USDA Wants More Locally Grown Foods in School Lunches

Whether from television shows like Jamie Oliver's Food Revolution, blogs like Fed Up with Lunch or countless studies about childhood obesity, parents and schools are becoming more health-conscious when it comes to school lunches.

The Washington Post reports that the USDA's farm-to-school initiative, which provides schools with food from regional and local farms, is more popular than ever. While it's unclear exactly how many schools participate, according to the Post, the National Farm to School Network estimates there are about 2,500 programs in more than 10,000 schools nationwide.

Wanting to find out more about what works and what can be improved, the USDA traveled to 15 school districts across the country participating in the program and compiled a report on their findings.

The good news is that farm-to-school programs offer other benefits beyond tastier, healthier lunches. They also teach kids about agriculture and where their food comes from and in many cases, help introduce them to fruits and vegetables for the first time. An added bonus, farm-to-school programs provide an economic boost for rural communities and farmers who need the steady business.

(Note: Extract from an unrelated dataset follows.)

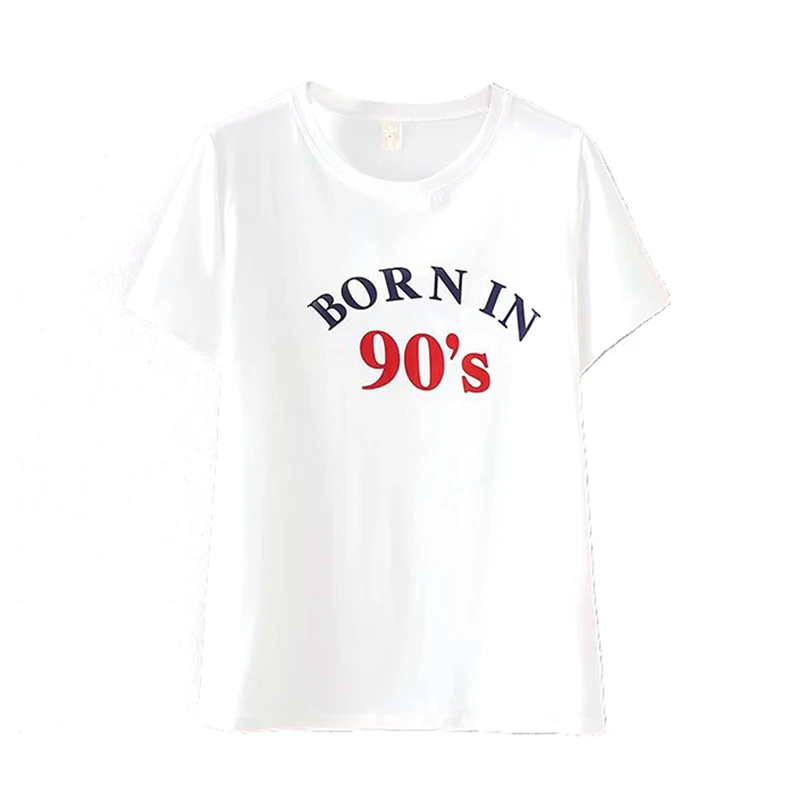 2018 Summer Basic White Tee Women Funny Printed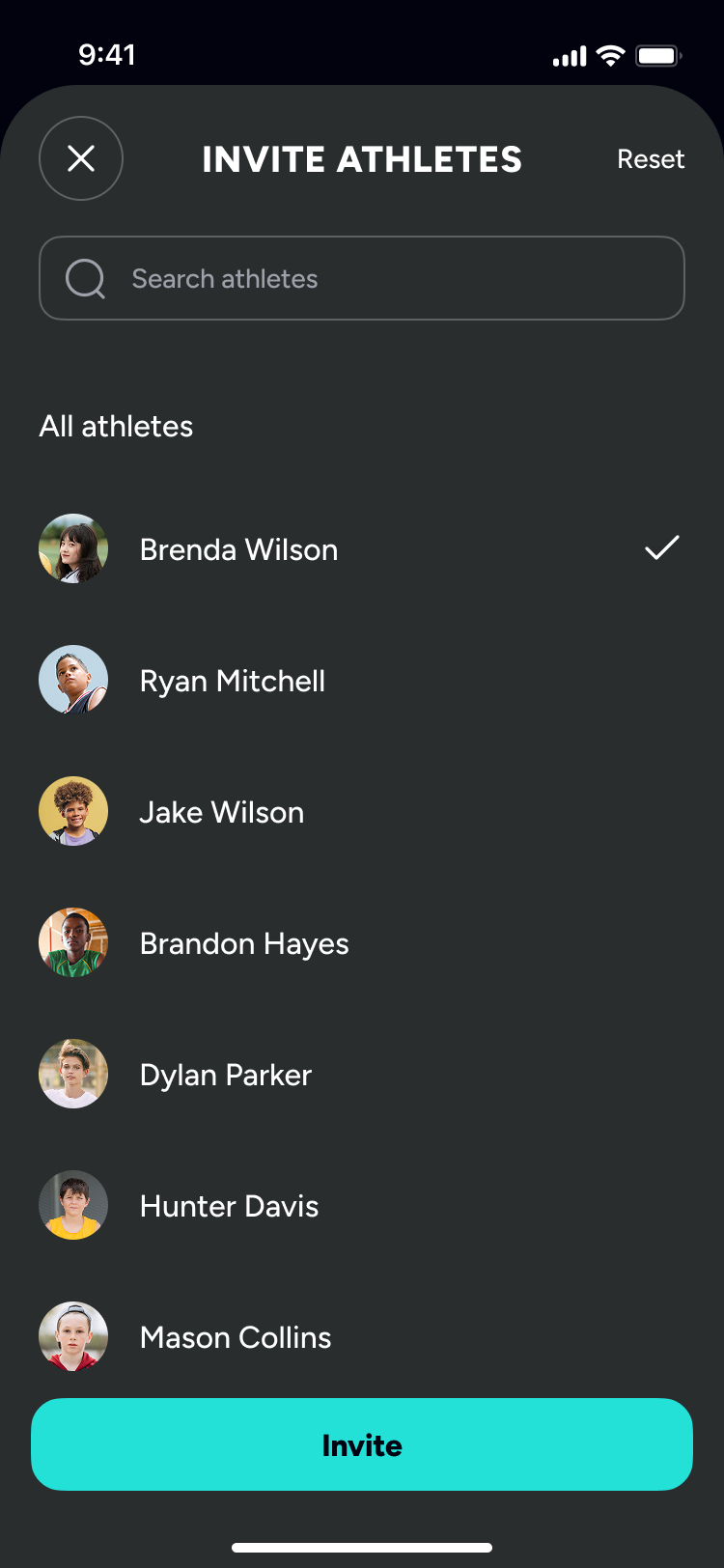 Invite Athletes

The bad news? According to the report, many food service workers do not have the basic tools or skills to work with fresh produce. More funding is needed to provide this equipment and training and educational programs for students.

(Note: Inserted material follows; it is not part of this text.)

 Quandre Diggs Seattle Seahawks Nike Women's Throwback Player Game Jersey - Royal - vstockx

With that in mind, the USDA is ramping up its efforts to help get more farm-grown foods in cafeterias, including the launch of a new pilot program that will make it easier for schools in Michigan and Florida to use federal money to buy locally-grown produce, which has been difficult under the current rules. If this change works, it may be expanded nationwide.

Other efforts include a nationwide survey to learn more about how schools across the country are participating, raising more awareness about the farm-to-school program and more efforts to connect farmers to schools.

So if your child's school lunches aren't farm-fresh now, there's a chance they might be soon.